Ora quel cammino è arrivato a un bivio. Il 25 marzo, a Roma, un vertice dell’Unione celebra i 60 anni dei Trattati che fecero da punto d’inizio del progetto comune. Ma sembra roba distante anni luce dall’oggi. Non solo perché c’è poco da celebrare, visto come ci siamo allontanati da quel “sogno”. È che proprio nelle prossime settimane, due elezioni incerte (prima la Francia, poi la Germania) e una probabile (in Italia) potrebbero dare un colpo fatale alla stessa Unione, se a vincere saranno le forze ormai apertamente ostili a un ideale comune.
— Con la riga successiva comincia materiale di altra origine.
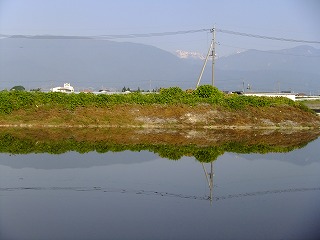 hanahana 485.jpg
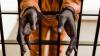 Durban court sentences Malawian man to life imprisonment for raping 13-year-old neighbour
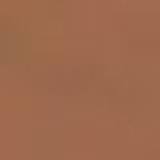 the Balm Balmshelter After Dark FPS 18 - Hidratante com Cor 64g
Possiamo fare come se niente fosse, come se il tema non ci riguardasse («l’Europa? Ancora?»). O renderci conto che la questione ci tocca molto da vicino, tutti. Perché in gioco c’è il mondo come lo abbiamo conosciuto - e vissuto - negli ultimi sessant’anni. E un luogo che, con tutti i suoi limiti, ha generato un punto di stabilità e di pace mai visto nella storia mondiale.

In questo numero proviamo a riprendere il filo della questione europea, e delle tante domande che si porta dietro. Nel tentativo di capire meglio lo scenario che ci aspetta nei prossimi mesi. Ma soprattutto andando a cercare luoghi, esperienze, circostanze dove l’Europa c’è, è ancora viva, e genera. «Spazi di libertà» per chi cerca la verità e «un nuovo inizio», come diceva Julián Carrón in un intervento che poi è diventato il primo capitolo de La bellezza disarmata (il primo, quasi a sottolineare come l’Europa sia un punto decisivo).
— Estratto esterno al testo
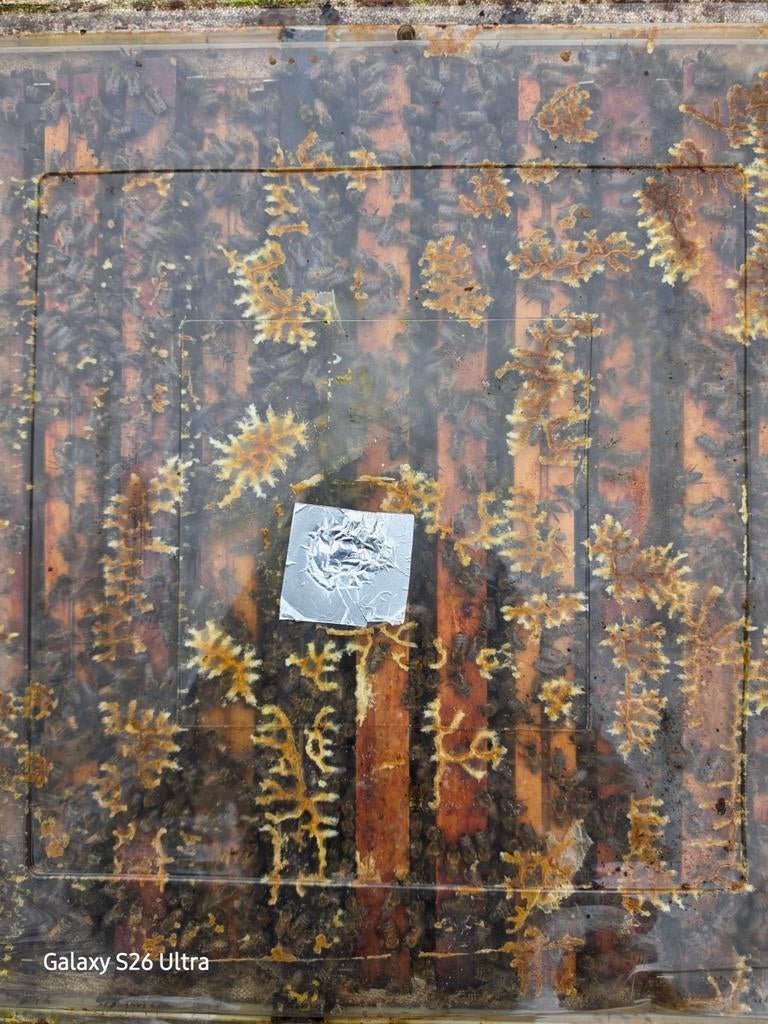 Bijenvolken carnica F0  koningen 11R. simplex & duitsnolmal, Dieren en Toebehoren, Ophalen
Lo abbiamo fatto andando un po’ più in là rispetto agli esempi già noti (come la grande macchina dell’Erasmus), e trovandone altri. Magari meno famosi, sicuramente eterogenei - una comunità di scienziati, un’esperienza di fede, un modello di accoglienza possibile che coinvolge cittadini e istituzioni, una strada di riconciliazione dalle ferite della storia -, ma accomunati da un fatto: la loro matrice, il terreno in cui affondano le radici. L’Europa, senza dubbi. E la sua capacità di «dialogare, integrare e generare», come ricordava papa Francesco nel suo splendido discorso di dieci mesi fa, in occasione del Premio Carlo Magno, che suggeriamo a tutti di riprendere.

C’è un’altra parte del giornale che riguarda da vicino proprio lui. È quella che racconta come lo attende Milano, dove il Papa arriverà lo stesso 25 marzo. Milano è Mediolanum, “terra di mezzo”: spazio di «dialogo, integrazione e fecondità» da sempre, per vocazione e per una storia segnata dalla fede. Insomma, è Europa, al cento per cento. Parlando alle centinaia di migliaia di milanesi che lo accoglieranno, Francesco si rivolgerà a ognuno di loro, uno ad uno, come sa fare lui. Ma parlerà anche al cuore di quell’Europa che, nelle stesse ore, si ritrova a Roma. Abbiamo bisogno di ascoltarlo. E di seguirlo.